Run a looped process in bash across multiple cores


I have a shell script that contains the following loop.

i=0  
upperlimit=$verylargevariable  
do  
   complexstuff RunManager file $i  
   i= 'expr $i +1'  
done

This script runs on a quad core machine, and according to top, uses about 15% of each core while executing one iteration of the loop. I'd like to distribute it across the four cores so that each iteration of the loop does complexstuff four times, one on each core, so the resources will be used more efficiently.
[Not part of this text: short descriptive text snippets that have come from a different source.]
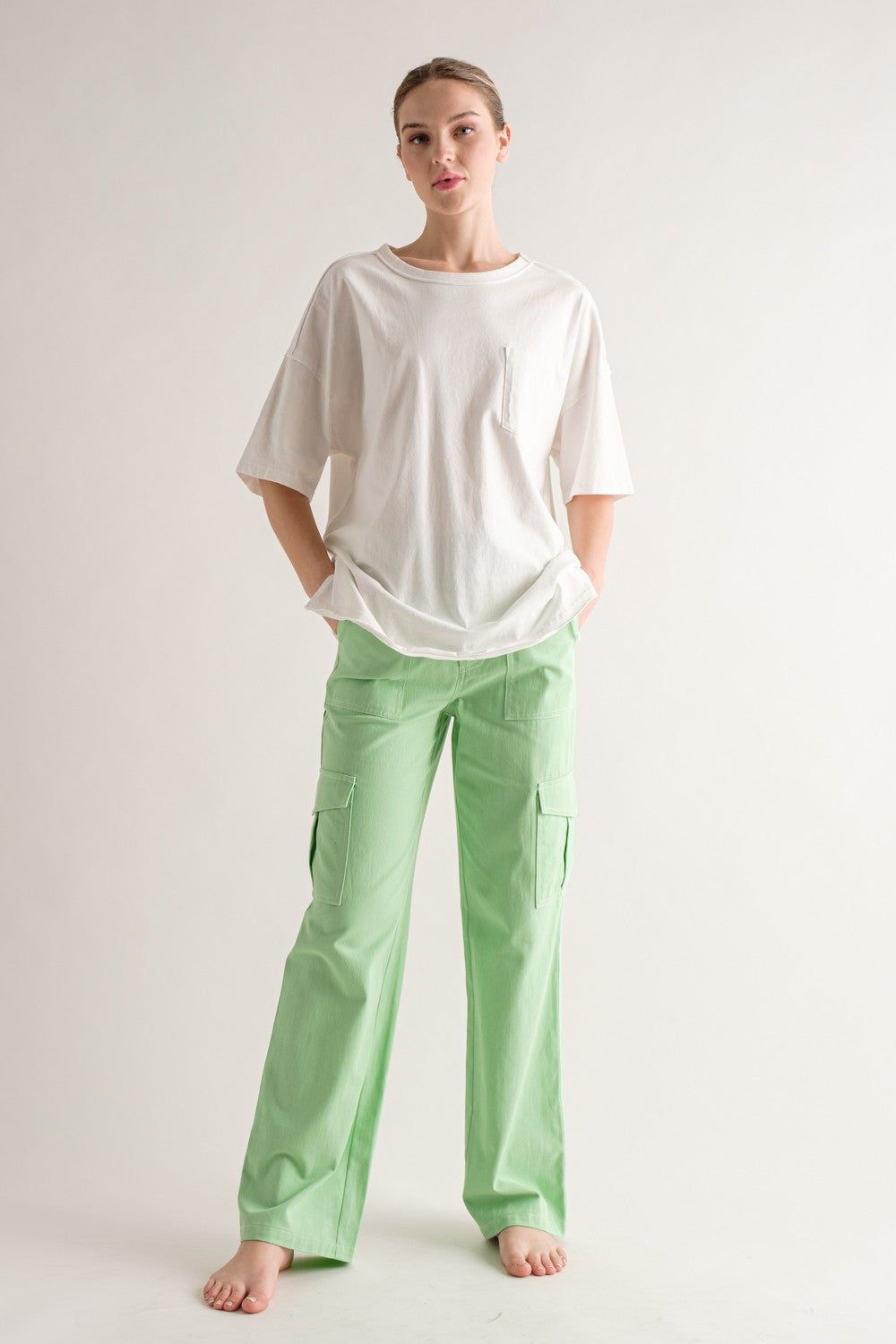 White Exposed Seam Pocket T-Shirt sold by Pinkblush product image thumbnail 3
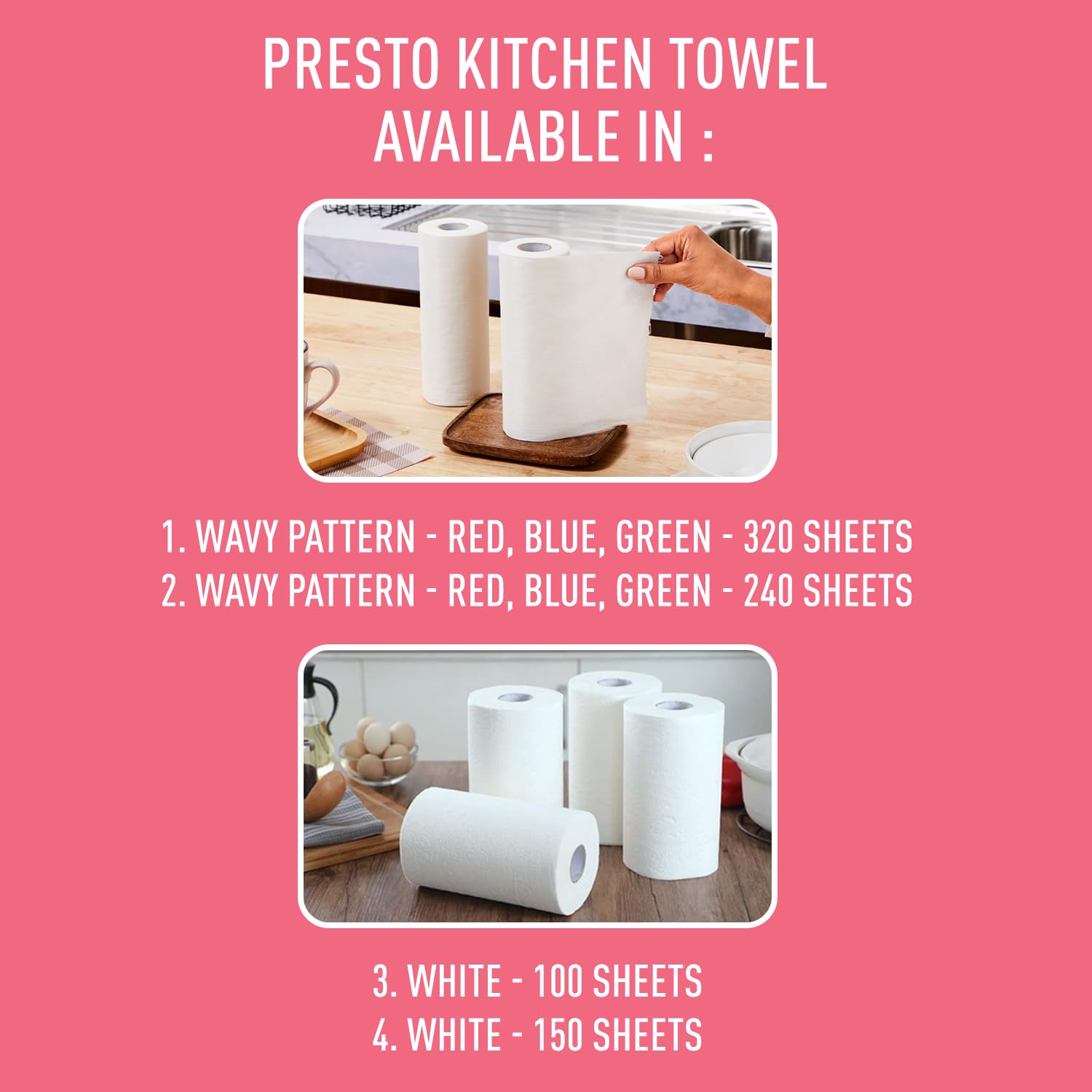 Amazon Brand - Presto! Non-Woven Reusable Kitchen Towel Roll | 50 Pulls | 100 Sheets (Pack of 2) | Size: 20 x 22 cm | White | Washable | Highly Absorbent | For Daily Use 4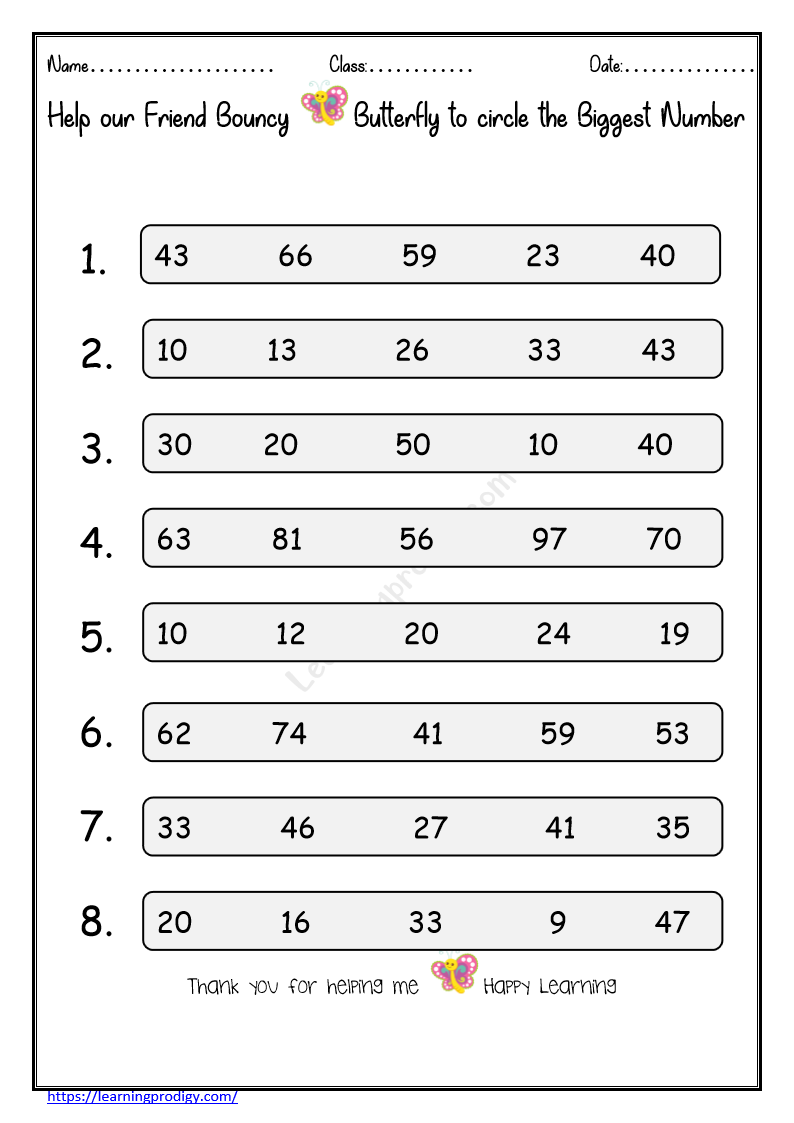 Circle The Biggest And Smallest Number Worksheet
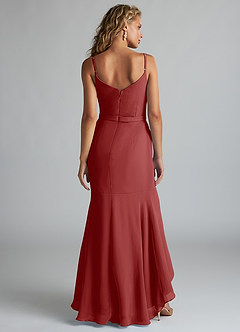 Azazie Summer Bridesmaid Dresses Rust Mermaid Scoop Cowl Chiffon Dress image2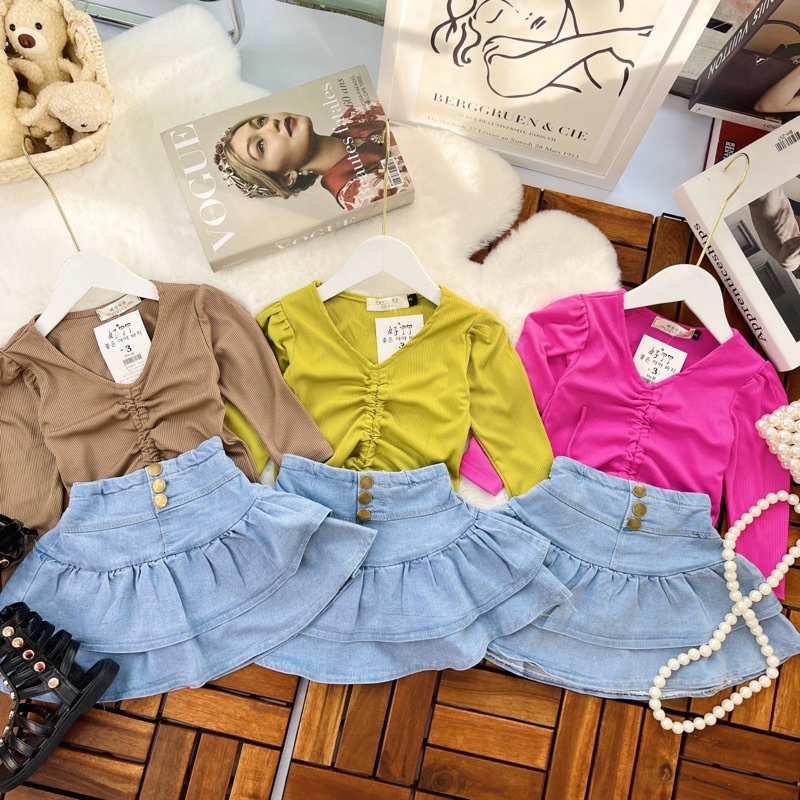 Set áo rút dây cv jean cho bé gái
We're talking about computation that currently takes several hours so efficiency is more than just good practice here. (The output of each iteration is obviously independent of the previous one.)

PS: Host is a server running Cent-OS, if that helps.


Solution

  • Apart the Ole Tange solution (that looks great), if your computations have pretty similar durations, you can try something like this :

    i=0  
    upperlimit=$verylargevariable  
    do  
       complexstuff RunManager file $i &
       i= 'expr $i + 1'
       complexstuff RunManager file $i &
       i= 'expr $i + 1'
       complexstuff RunManager file $i &
       i= 'expr $i + 1'
       complexstuff RunManager file $i &
       i= 'expr $i + 1'
       wait
    done
    

    This way, on each run of the loop, you will create 4 bash subprocesses that will launch your computations (and as system is great, it will dispatch them on the different cores). If with 4 processes it is not enough to burn all your cpus, raise the number of processes created on each loop.